■ Input data ■
>>>
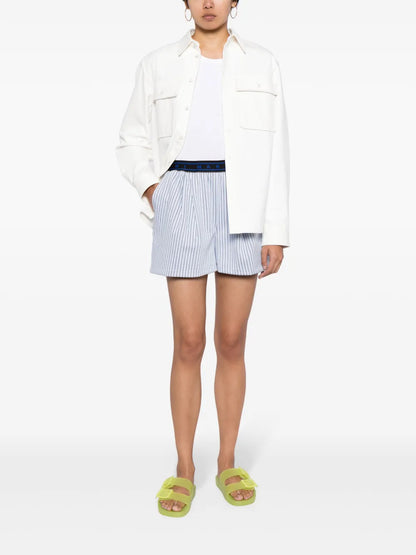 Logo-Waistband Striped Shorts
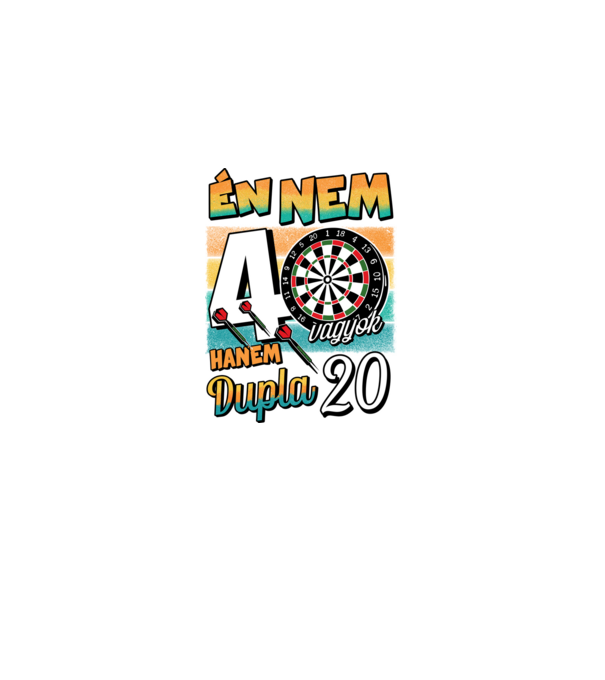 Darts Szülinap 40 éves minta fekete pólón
<<<
>>>
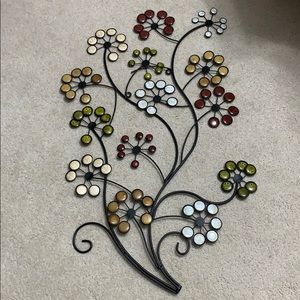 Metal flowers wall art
<<<
Copy word for word the lines above, starting at the line containing "Logo-Waistband Striped Shorts" and ending at the line containing "Darts Szülinap 40 éves minta fekete pólón", inclusive, with no pictures.

■ Solution to the exercise ■
 Logo-Waistband Striped Shorts
 Darts Szülinap 40 éves minta fekete pólón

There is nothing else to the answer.